» **Task to carry out**
Write the data out again exactly, with every picture removed.

» **Given data**
- Opening Delimiter -

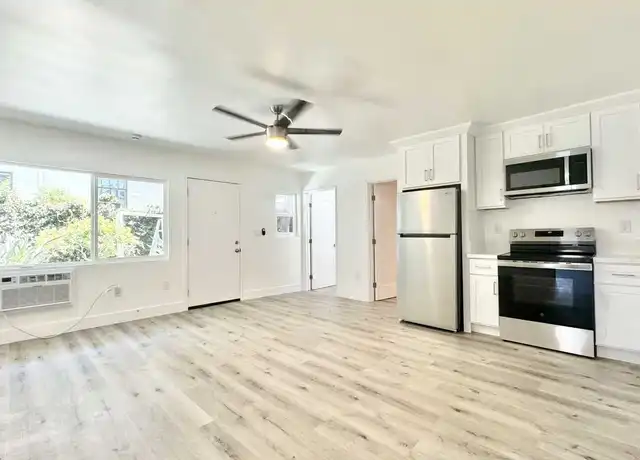 Property at 816 N Edinburgh Ave Unit 7, Los Angeles, CA, 90046, 2 beds, 2 baths, [object Object]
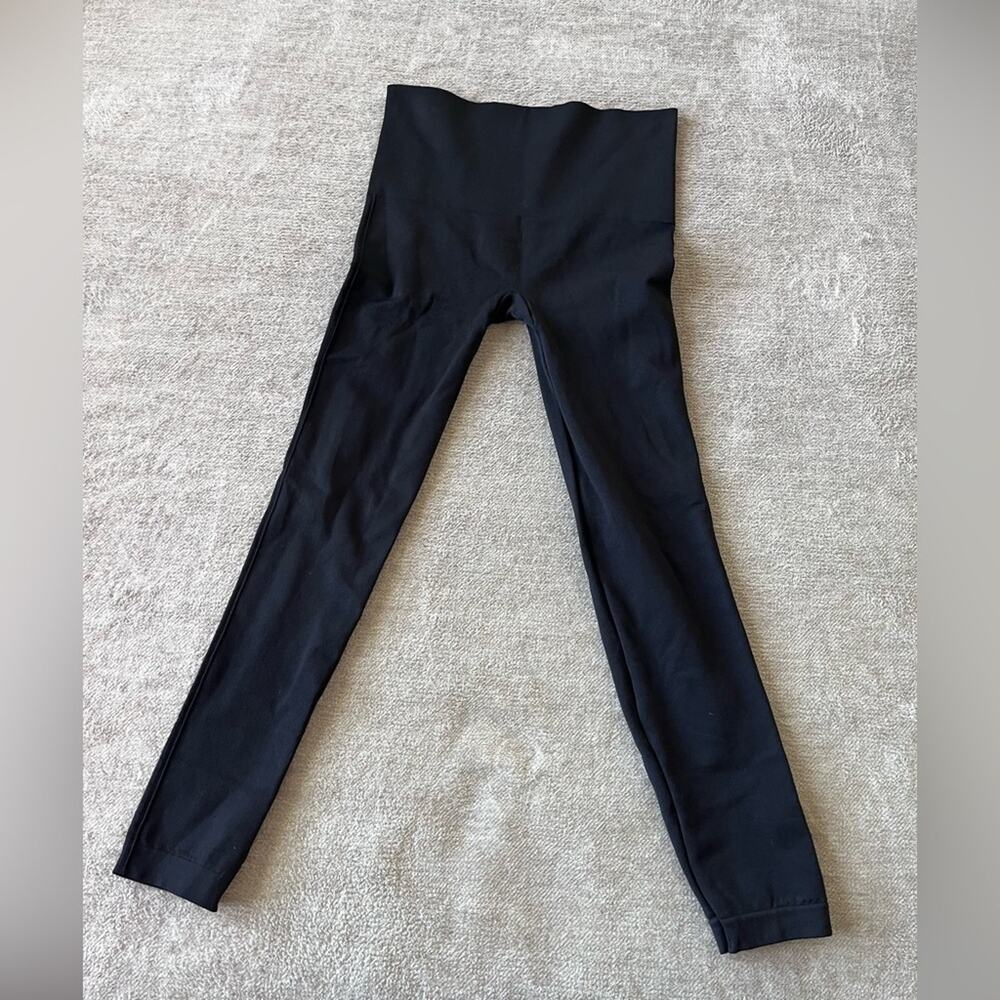 SPANX Leggings for Women Look at Me Now Seamless Leggings SKU 8783630 Size L - Picture 2 of 5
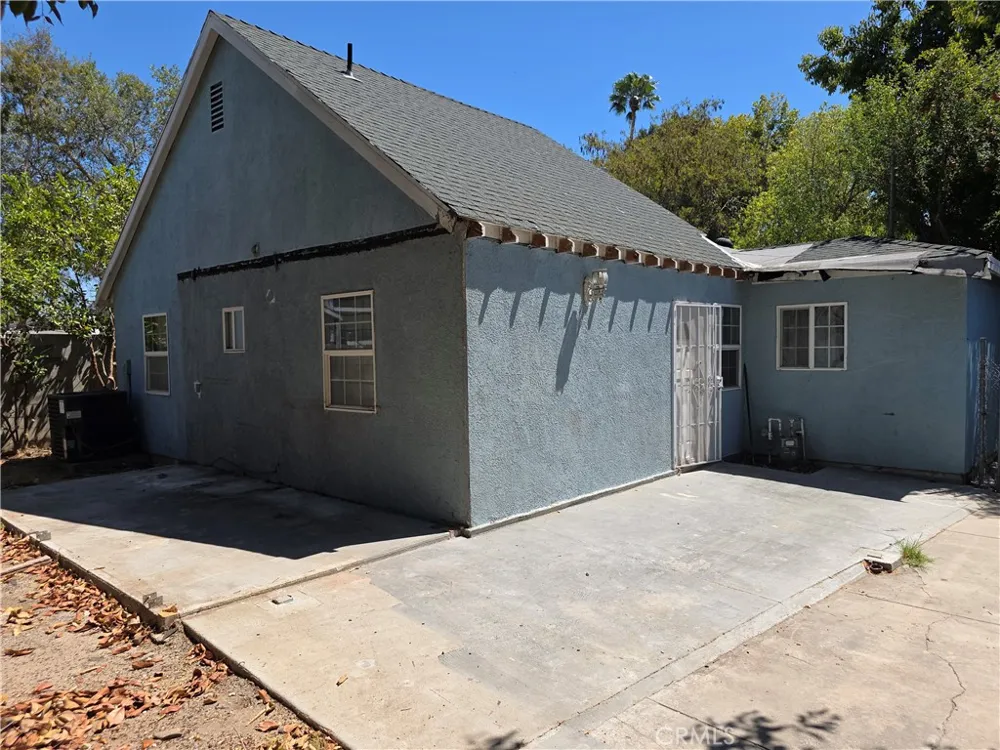 7249 Loma Verde Ave. Canoga Park, CA 91303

- Closing Delimiter -

» **Reply**
 Property at 816 N Edinburgh Ave Unit 7, Los Angeles, CA, 90046, 2 beds, 2 baths, [object Object]
 SPANX Leggings for Women Look at Me Now Seamless Leggings SKU 8783630 Size L - Picture 2 of 5
 7249 Loma Verde Ave. Canoga Park, CA 91303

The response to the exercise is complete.